Data to examine: Begin

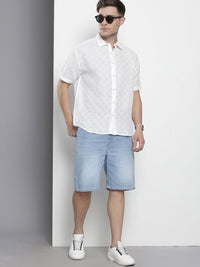 The Indian Garage Co Self-Design Drop-Shoulder Sleeves Relaxed Fit Semi Sheer Casual Shirt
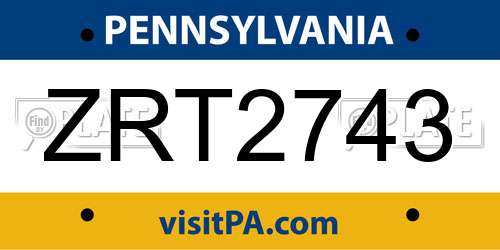 ZRT2743 Pennsylvania License Plate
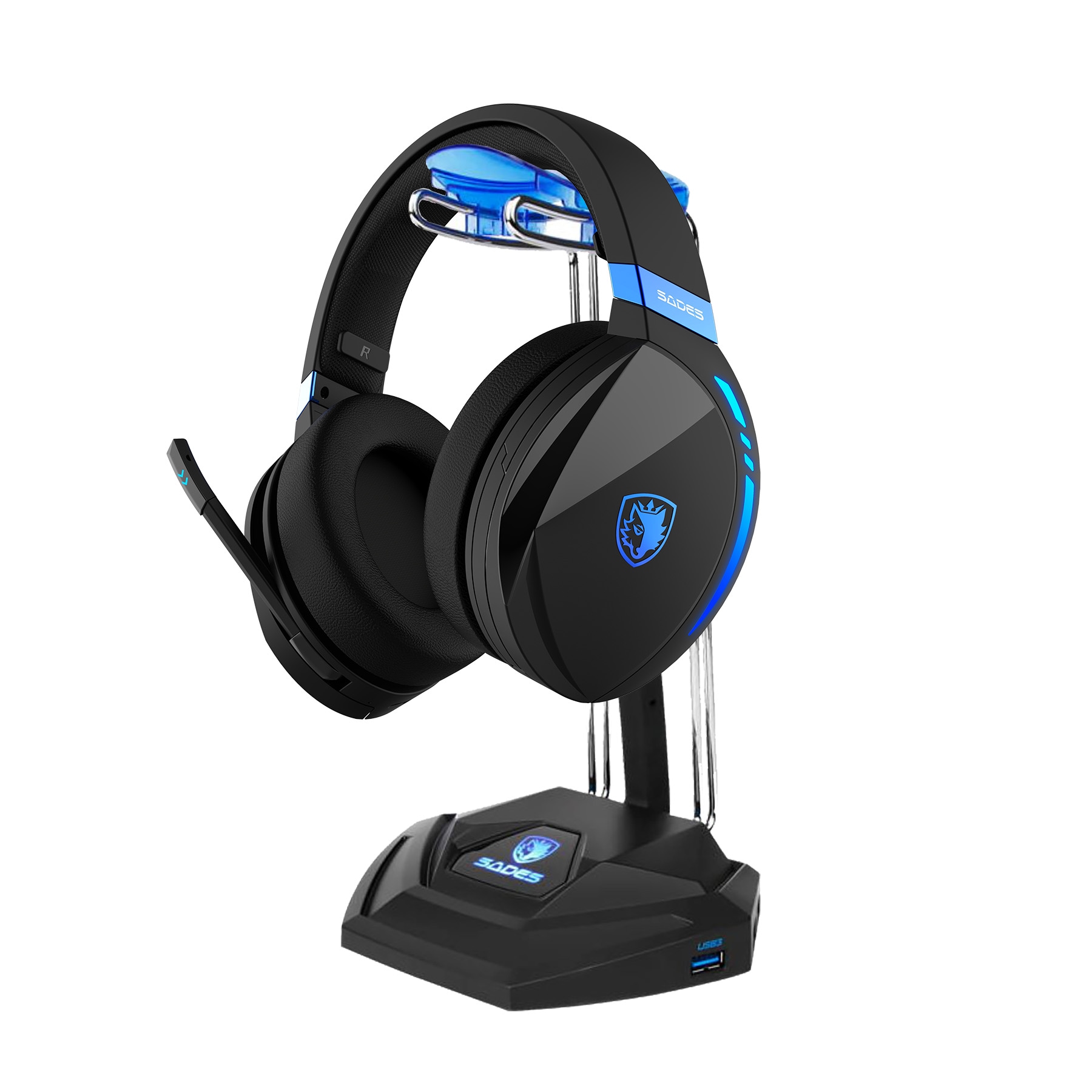 Gaming-Headset »Warden I SA-201 Wireless, schwarz/blau, USB«, Rauschunterdrückung,...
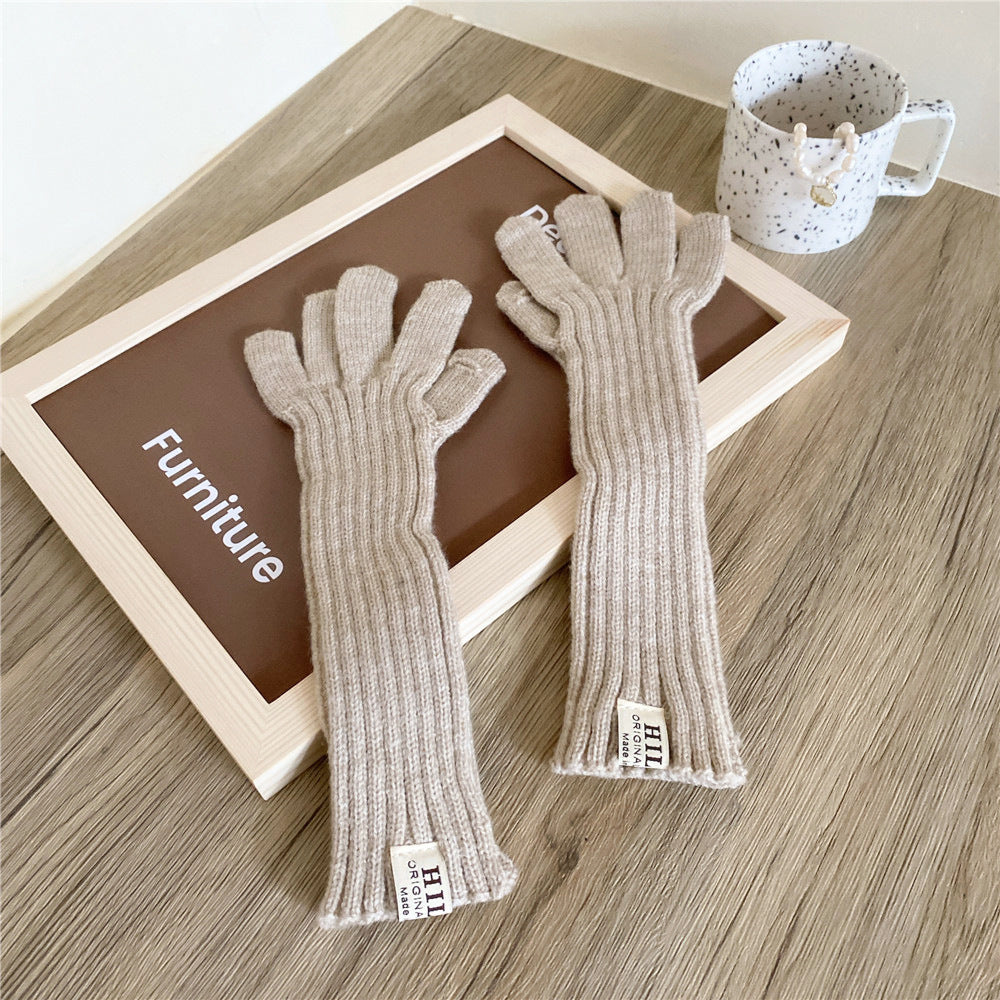 Women's Solid Color Knitted Lengthened Gloves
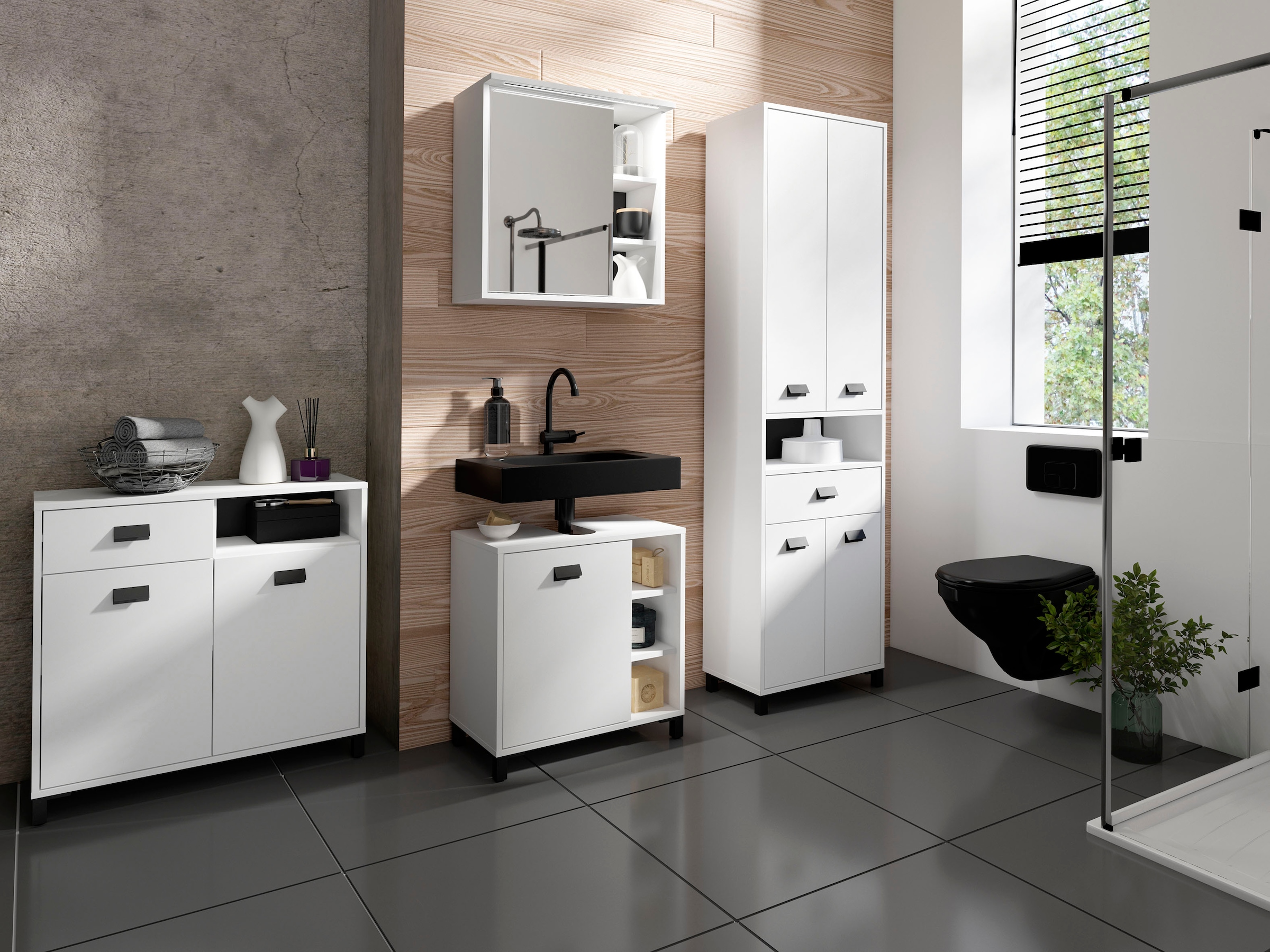 byLIVING Badkommode »Wellness« 80cm Badezimmer Kommode mit Metallgriffen und viel Stauraum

Data to examine: End

> What you have to do
Your task is to write out, exactly and without pictures, only the lines from the one holding "Women's Solid Color" to the last line of the data.

> Response box
 Women's Solid Color Knitted Lengthened Gloves
 byLIVING Badkommode »Wellness« 80cm Badezimmer Kommode mit Metallgriffen und viel Stauraum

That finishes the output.